仙人山を下降し、池の平山に取りついたのだが、これが大変だった。中腹で朝8時を過ぎ、再びずぼずぼ地獄が始まったのだ。足回りをアイゼンワカンに、ピッケルをストックに持ち替え、ようやく池の平山に辿り着く。
日本海が見える!これから向かう北方稜線もくっきり白く、青空を切り取るように美しい。
2505mピークから、懸垂4回。特に最初の一回は、クライムダウンもできるか・・・と思ったのだが、単独だし、アンパイを取ろう、と思って懸垂したのが功を奏した。途中、完全に氷化していたのだ。あらためて、常にアンパイに振ることの重要性を思い知った。
結局、小窓についたのは11時30分過ぎだったように思う。そこから小窓の頭に登り、降り、また小窓の王に登る、のだが、これまた斜面が絶望的に悪い。何度足を出しても、ずぼ、ずぼ、っと雪は沈み、おなじところでずーっと足踏みをするようで、非常に疲れる。なんとか這い上がる。
這い上がると池の谷ガリーが美しい。何度見たことか、何度登ったかと感慨深い。が、その時はいつもパートナーが傍にいてくれた。今回は、単独である。
懸垂二回でトラバース地点に達する。相変わらずずぼりまくるので慎重に進む。1600ギリギリに三の窓着。
見下ろすと、池ノ谷ガリーがスパッと切れ落ち、白萩川となって立山連峰を割りながら走り、早月川と名前を変えて富山湾に流れ込んでいく。美しい。
ようやくここまで来た。ここから先は、勝手知ったる。。。である。明日は天気予報が絶悪なので、もう早月小屋でピッチを切るのはやめ、一気に馬場島まで下りることにする。
疲れ果てて夕飯もほとんど食べずに眠る。
22日。
早く起きようと思ったのに、結局いつもと同じ時間に起床し、出発する。池ノ谷ガリーをひたすら登り、池ノ谷乗越へ。そこから左右がすっぱりと切れ落ちた稜線を進む。高度感は半端なく、わずかなミスも許されない。一挙手一投足に細心の注意を払ってジワジワ前進し、長次郎の頭へ。
そこからコルまでは、雪がきちんとついており、クライムダウンできる。いよいよ最後の雪壁だ。これは、「ラストがオーバーハングしている」と記載されることが多いようだが、慎重にルーファイすれば、オーバーハングなしに登ることができる。
そして山頂。ほぼ雪に埋まった小さな社。
涙が出そう。が、泣くには百年早い。
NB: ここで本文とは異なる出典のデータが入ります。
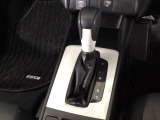 オートマチックシフトレバーは、手になじみ操作しやすい形状で安全運転にもつながります♪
ここから先、早月の下降も気が抜けない、過去には事故も起こっている。
社に跪いて手を合わせ、心を静めて下降に入る。
さて、である。早月小屋までは順調についた、のだが、その先がまさしく最悪最低であった。雪が多く、腐っており、切れ目も非常に多く、ワカンだと滑るし、アイゼンだとずぼる。
もう、なんどとなく足まわりを取替え、埋まり、尻もちをつき、滑りかけ、全身びしょぬれになる。だが、早月は割と左右がすっぱりと切れ落ちているところが多く、滑りだしたら止まらないだろう。自分が疲労困憊して、注意力が落ちているのも身にしみてわかる。「しっかりしろ」「慎重に行け」「急ぐな。遅くなってもいいんだから」と、声に出して自分に言い聞かせ、わずかな下降でもバックステップし、赤布を確認しながら、ゆっくり、ゆっくりと降りて、14時半過ぎ、松尾平に、近づいた、そのとき、私は、目下に、奇妙な、赤いものを確認した。
あれは赤布ではない。あれは、ヤッケだ。夫の、ふるい、ぼろぼろのヤッケである。
声を限りに呼んだ。赤いヤッケは立ち上がり、こちらを向いて、手を振った。迎えに来てくれたのだ。
私は駆け出したくなる衝動を抑え、唇をかみしめて、ゆっくりゆっくり、赤いヤッケに近づいて行った。
終わりに、いくつかメモを。
(1)時期
敢えてGW前とした。これは①雪が多い方が何かと歩きやすそう、②仙人谷にスノーブリッジがありそう、③ひとさまのトレースの後をおいかけるだけの山行にはしたくない。という理由である。かなり当たっていたといえる。ラッセルは、大変だったが。
(2)単独
そもそも去年、夫と一緒に行く予定だったのだが、1年かけて、私より二回り年上の彼には体力的にどう見ても厳しいことがよくわかった。私としては、せっかくかなり研究したのだし、行きたかったが、夫と一緒に行く予定で二人で取り組んできたルートに、ほかの人と行くのは嫌だった。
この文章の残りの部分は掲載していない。